See the following article for more on txtai.
txtchat is designed to and will support a number of messaging platforms. Currently, Rocket.Chat is the only supported platform given it’s ability to be installed in a local environment along with being MIT-licensed.
Examples
The following videos demonstrate how txtchat works. These videos run a series of queries with the Wikitalk persona. Wikitalk is a combination of a Wikipedia embeddings index and a LLM prompt to answer questions
Every answer shows an associated reference with where the data came from. Wikitalk will say “I don’t have data on that” when it doesn’t have an answer.
Additionally, there are examples using more lightweight personas to summarize and translate text.
History
Conversation with Wikitalk about history.
Sports
Talk about sports.
Culture
Arts and culture questions.
Science
Let’s quiz Wikitalk on science.
Summary
Not all workflows need a LLM. There are plenty of great small models available to perform a specific task. The summary persona simply reads the input URL and summarizes the text.
Mr. French
Like the summary persona, Mr. French is a simple persona that translates input text to French.
Connect your own data
The workflow definitions for the examples above can be found in the txtchat-personas model repository.
Want to connect txtchat to your own data? All that you need to do is create a txtai workflow. The following article covers a number of examples on creating different types of workflows.
Let’s run through an example of building a Hacker News indexing workflow and a txtchat persona.
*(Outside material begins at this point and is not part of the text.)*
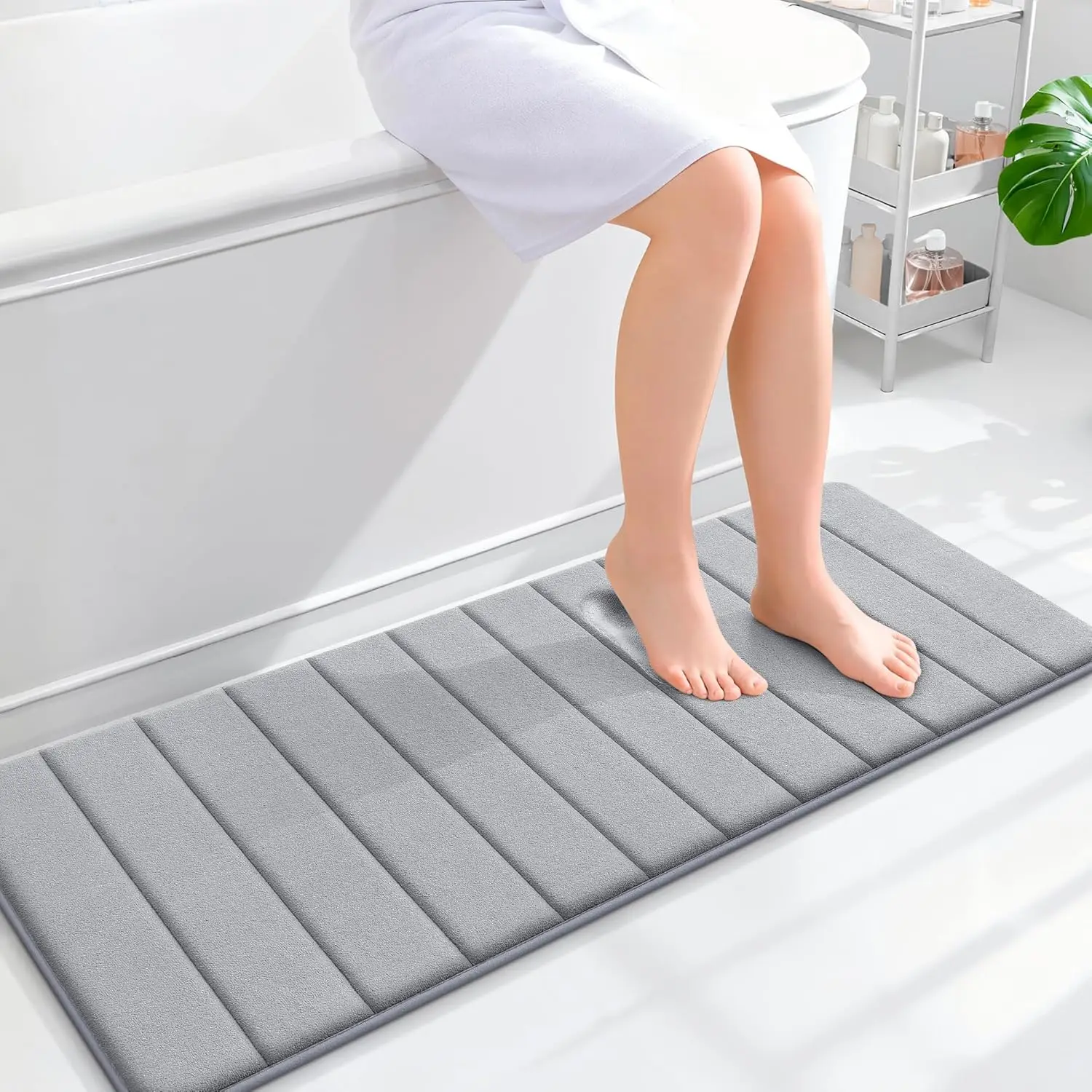 

Длинный коврик для ванной из пены с эффектом памяти 47x17, супермягкий впитывающий коврик для душа, быстросохнущий, можно стирать в машине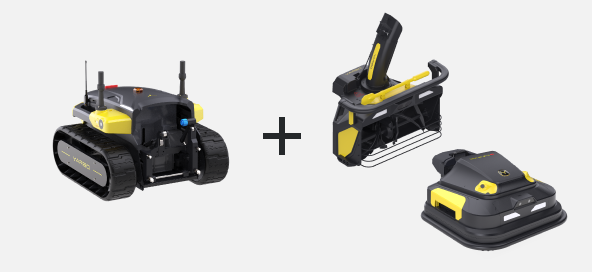 Black and yellow robotic lawn mowers with tracks and wheels, plus a charging dock, on a white background.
First, we’ll define the indexing workflow and build the index. This is done with a workflow for convenience. Alternatively it could be a Python program that builds an embeddings index from your dataset. There are over 50 example notebooks covering a wide range of ways to get data into txtai.
path: /tmp/hn
embeddings:
path: sentence-transformers/all-MiniLM-L6-v2
content: true
tabular:
idcolumn: url
textcolumns:
- title
workflow:
index:
tasks:
- batch: false
extract:
- hits
method: get
params:
tags: null
task: service
url: https://hn.algolia.com/api/v1/search?hitsPerPage=50
- action: tabular
- action: index
writable: true
This workflow parses the Hacker News front page feed and builds an embeddings index at the path /tmp/hn
.
Run the workflow with the following.
from txtai.app import Application
app = Application("index.yml")
list(app.workflow("index", ["front_page"]))
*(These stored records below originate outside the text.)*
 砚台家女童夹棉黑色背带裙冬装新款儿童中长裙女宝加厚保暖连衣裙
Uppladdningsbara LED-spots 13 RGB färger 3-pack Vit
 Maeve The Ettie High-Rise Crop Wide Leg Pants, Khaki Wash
Now we’ll define the chat workflow and run it as an agent.
path: /tmp/hn
writable: false
extractor:
path: google/flan-t5-xl
output: flatten
workflow:
search:
tasks:
- task: txtchat.prompt.Question
action: extractor
python -m txtchat.agent query.yml
Let’s talk to Hacker News!
As you can see, Hacker News is a highly opinionated data source!
Getting answers is nice but being able to have answers with where they came from is nicer. Let’s build a workflow that adds a reference link to each answer.
path: /tmp/hn
writable: false
extractor:
path: google/flan-t5-xl
output: reference
workflow:
search:
tasks:
- task: txtchat.task.Question
action: extractor
- task: txtchat.task.Answer
txtchat is a rapidly developing project, check out the GitHub project page for the latest examples.
Wrapping up
This article introduced how txtchat builds retrieval augmented generation (RAG) and language model powered search applications. A number of examples were covered for standard personas provided out of the box.
The system is flexible in that new txtai workflows can easily be plugged in to form personas for custom datasets. Go ahead and talk with your data. Now is the time to take the next step in the evolution of search.
We’re excited to see what can be built with txtchat!